- _GOAL OF THE EXERCISE_
All of the listing is to be written out word for word, with the pictures left out.

- _DATASET CONTENT_
Segment Open

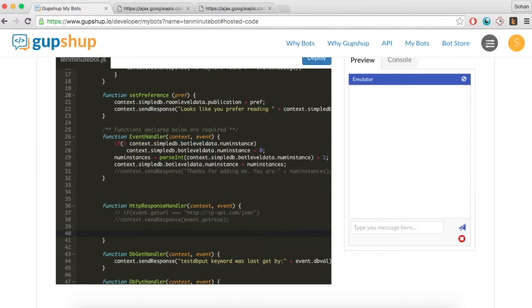In the HTTP response handler method, pass the JSON to display to the user a single headline and a link to the story.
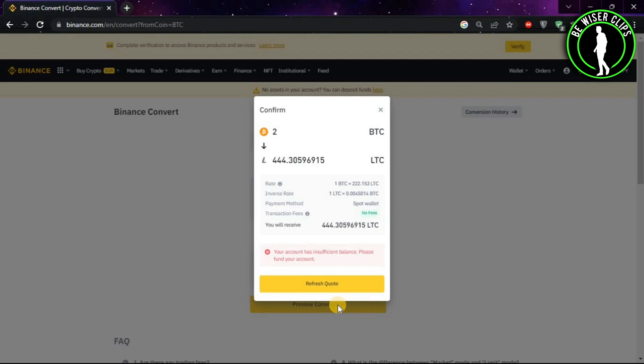And if you have the sufficient funds, then you can click on this button and it will convert your Bitcoins into Litecoins.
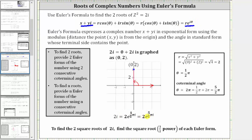For the next step, to find the two square roots or two complex solutions to the given equation, we need to find the square root or one half power of these two exponential forms or Euler forms for two i.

Segment Closed

- _RESULT_
In the HTTP response handler method, pass the JSON to display to the user a single headline and a link to the story.
And if you have the sufficient funds, then you can click on this button and it will convert your Bitcoins into Litecoins.
For the next step, to find the two square roots or two complex solutions to the given equation, we need to find the square root or one half power of these two exponential forms or Euler forms for two i.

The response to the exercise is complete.